Résumons : les dernières municipales n'ont pas été brillantes dans les Bouches-du-Rhône. Si on considère les têtes de liste officiellement investies par le Mouvement Démocrate, les scores avoisinaient plutôt les 6 %, en dehors du cas particulier d'Aix-en-Provence (mais la liste Génération Aix était une liste de rassemblement). Dans quelques cas, le parti de François Bayrou s'est même retrouvé sous la ligne de flottaison comme à Martigues, à Marseille Nord (Mohammed Laqhila, Saïd Ahamada) et dans la bonne ville d'Arles, où la liste démocrate était conduite par... Catherine Levraud.
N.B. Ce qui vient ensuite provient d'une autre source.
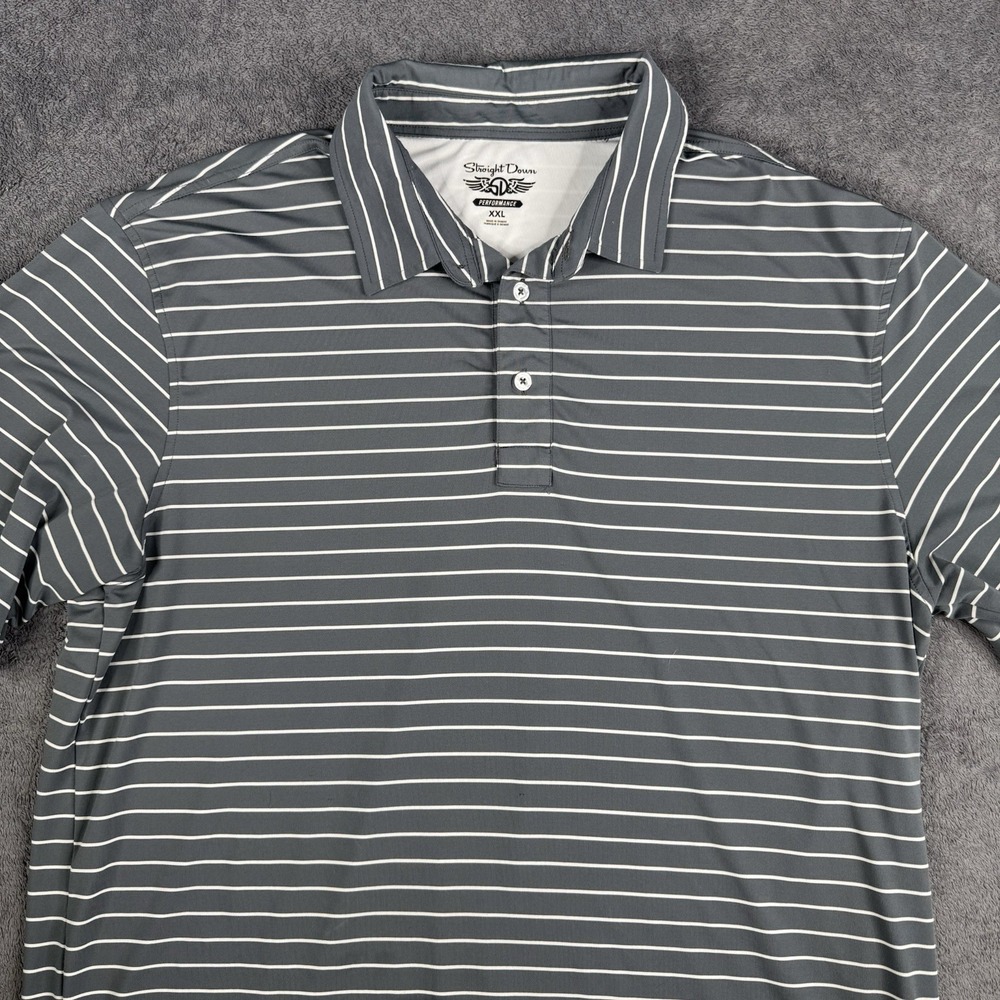 Straight Down Shirt Mens 2XL Gray Striped Golf Stretch Performance Polo Stretch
Surtout, le MoDem réédite la si efficace stratégie des européennes : un ancien vert très marqué pour conduire la bataille. En juin 2009, Jean-Luc Bennahmias avait réalisé le pire score de France métropolitaine avec 7,5 %, et encore il le devait plutôt aux résultats de Rhône-Alpes (généralement au-dessus de 8 %) qu'à ceux de son territoire d'origine – les Bouches-du-Rhône – où il n'a fait que 6 %... Visiblement, ce n'est pas du côté d'Arles que les démocrates trouveront un réservoir de voix, d'autant qu'ils n'auront que deux mois pour faire campagne et faire connaître leur tête de liste.


Je ne connais Catherine Levraud que par ouï-dire (aussi je ne m'étendrais pas trop) mais dans ses clips de campagne, il y a deux ans, elle ne dégageait pas un charisme débordant et sa notoriété ne dépasse guère sa ville.
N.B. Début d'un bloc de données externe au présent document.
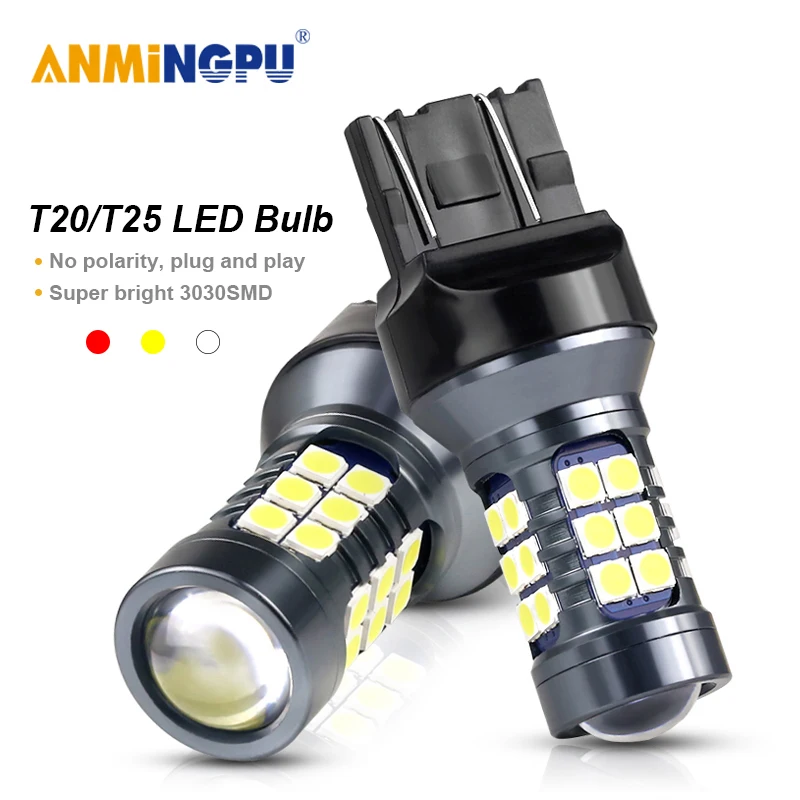 ANMINGPU 2x сигнальная лампа T20 Led 7443 W21/5W W21W 7440 3030SMD T25 3157 P27/7W 3156 P27W парковочные огни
Enfin, en tant qu'élue verte, elle fait partie de la majorité sortante de Michel Vauzelle. Du coup, la carte du renouvellement de l'offre politique (façon Dolium) ne pourra pas être jouée. Les partisans de la majorité socialiste préfèreront leur liste. L'électorat écologiste (si tant est qu'il existe vraiment) aura déjà le choix avec Europe Écologie, qui bénéficiera de son succès aux européennes et de sa tête de liste médiatique, et l'Alliance écologiste indépendante. Quant à l'électorat centriste... il ne lui reste plus qu'à faire passer l'annonce suivante : électeur centriste cherche désespérément un bulletin de vote pour mars prochain.


La Provence affirme que le Mouvement Démocrate s'interroge sur le numéro deux de la liste... Ils n'ont qu'à mettre Christophe Madrolle, au moins il n'y aura pas tromperie sur la marchandise. En fait de démocrate, la liste orange ne sera qu'une énième liste pseudo-écologiste prompte à se rallier à Michel Vauzelle au deuxième tour.

lundi 11 janvier 2010

Les vœux de l'Alliance Centriste : des accents barristes ?

Le parti de Jean Arthuis a présenté ses vœux il y a une semaine sur son blog par le biais d'un court texte et non pas comme au MoDem ou au Nouveau Centre par une vidéo (la mise en scène...). On aura tôt fait de les trouver insignifiants surtout après les envolées quasi messianiques de François Bayrou et la terrible mise en scène autour d'Hervé Morin (ou surannée, c'est selon). Pourtant, cette déclaration semble perpétuer une manière de communiquer quasi barriste...


Il y a toujours quelque chose de factice à trouver des points communs avec un homme politique aujourd'hui décédé (qu'est-ce que le barrisme sans Barre ?). Il n'empêche que la franche dureté du propos qui promet du sang, de la sueur et des larmes, ou presque, évoque, pour votre serviteur, le souvenir de la pré-campagne présidentielle de 1995, lorsque Raymond Barre se gaussait des promesses de création d'emplois de Jacques Chirac et Lionel Jospin, en affirmant qu'on ne pouvait pas sérieusement tenir ce genre d'engagements, la vie économique n'étant pas, par essence, ergodique. 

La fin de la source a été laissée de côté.